De facto, além do objectivo primordial — uma espécie de neo-colonização invertida, a ex-colónia impondo à ex-potência colonial (e aos PALOP) a transcrição fonética do seu “fálá” como língua “adotada” –, e na mesma linha das ambições expansionistas do “país-continente” com vista à exploração das riquezas naturais das ex-colónias portuguesas em África e na Ásia, vamos agora assistindo à imposição da terceira vertente político-económica, ou seja, a transformação da “terrinha” em porta-dos-fundos (literalmente) para a Europa, em especial, mas também para o resto do mundo.

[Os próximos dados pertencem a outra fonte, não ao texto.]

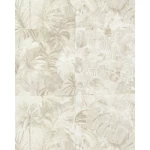 Italian wallpaper leaf-patterned design 10m x 1.06 m, cream color, model  46711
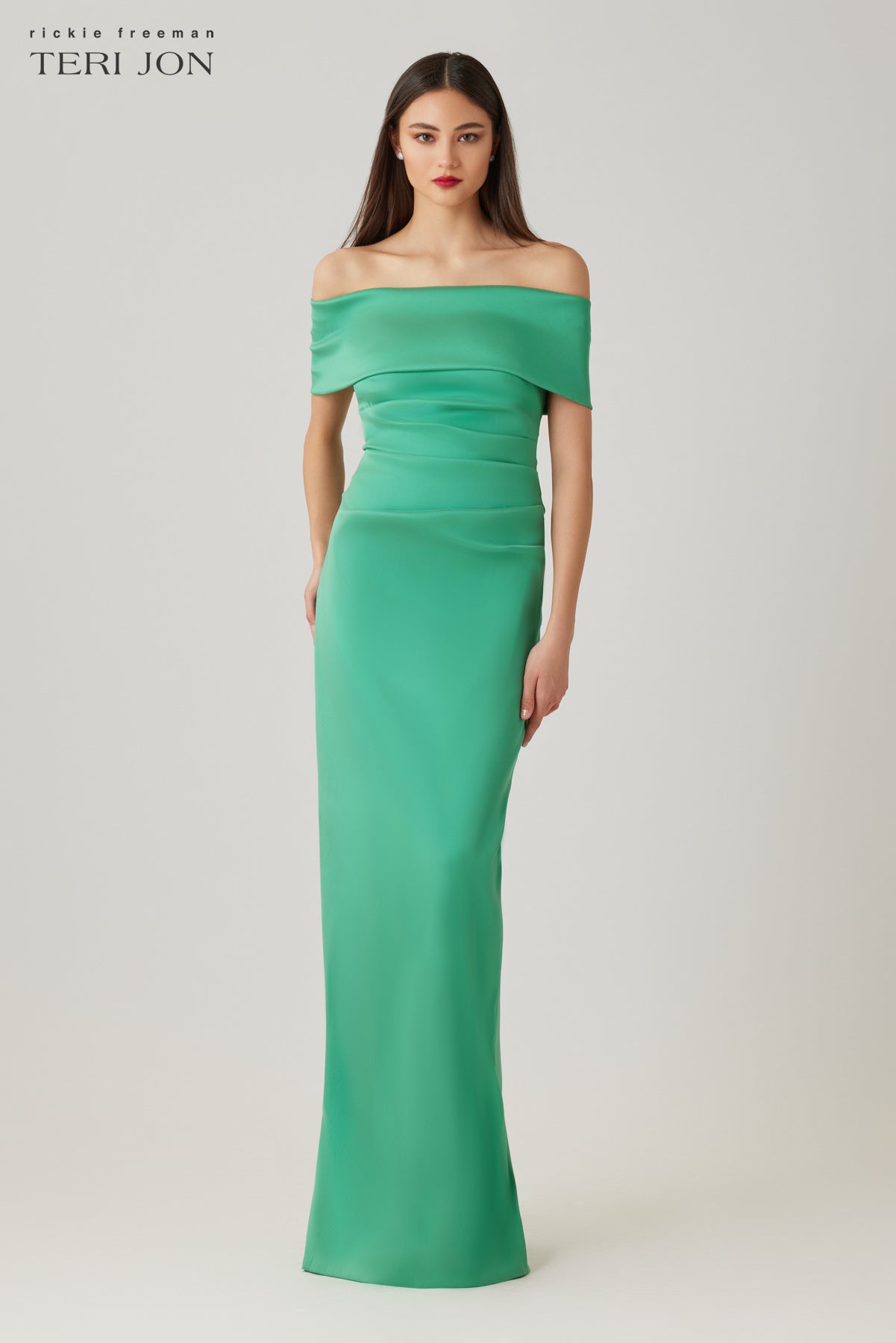 teri jon off the shoulder dress Teri Jon By Rickie Freeman Women's Off-The-Shoulder Mikado Column Gown - Kiwi Green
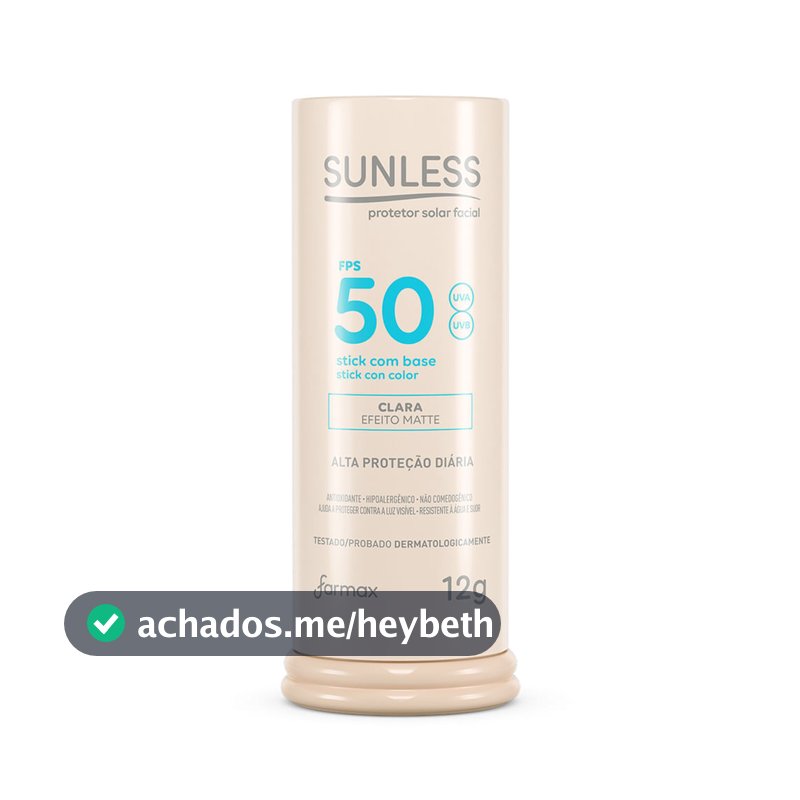Protetor Solar Sunless Stick com Base Efeito Matte FPS 50 Cor Clara 12g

Golpadas acessórias, como a “facilitação” dos processos de obtenção da cidadania portuguesa, incluindo a cidadania automática e a tramitação de documentos não presencial, online ou via agências e escritórios de “advogados”, funcionando todos estes mecanismos como “aceleradores” de processos e obliteração de métodos ou critérios, contribuem decisivamente para um cada vez maior afluxo de “excedentários” que o “gigante” vai produzindo em progressão exponencial.

Concomitantemente, decorre a intensa campanha lançada pelos diversos órgãos de intoxicação social avençados, cujas técnicas de desinformação consistem basicamente em inundar os noticiários e as páginas dos jornais com os “problemas” supostamente causados por quaisquer outros dos contingentes de imigrantes, principalmente os hindustânicos mas também outros asiáticos, os naturais de países do Leste europeu e até os provenientes das ex-colónias africanas — com as quais sempre existiram acordos bilaterais e com os quais nunca anteriormente houve problemas de monta ou a assinalar. Desde que se omita por sistema quantos dos três mil e cem por dia são… enfim… aquilo que são… bom, nesse caso está tudo bem. Tudo “légau”.

Portuguese passport among Top 5 of world’s “most powerful”

By NatashaDonn
“Portugal Resident” – 20th July 2023

 

Portuguese travel document gives direct access to 187 countries

A Portuguese passport is now among the Top 5 passports considered “the most powerful in the world”.

This ranking comes from the ‘Henley Passport Index’ – a rating system measuring global travel freedom in terms of access to visa-free or visa on arrival countries, based on data from IATA (the international air transport association).

Set up 17 years ago, this passport index has seen all kinds of changes. This year, for example, Singapore’s is the passport that grants access to the most countries without prior visa, and Japan has fallen from first to third place after five years ‘leading the field’.

Second place is shared by Germany, Spain and Italy (all offering access to 190 countries); 3rd by Austria, Finland, France, Japan, Luxembourg, SouthKorea, and Sweden (access to 189 countries), 4th to Denmark, Ireland, the Netherlands, and the United Kingdom (188 countries) and finally 5th to Portugal, Belgium, Czech Republic, Malta, New Zealand, Norway and Switzerland.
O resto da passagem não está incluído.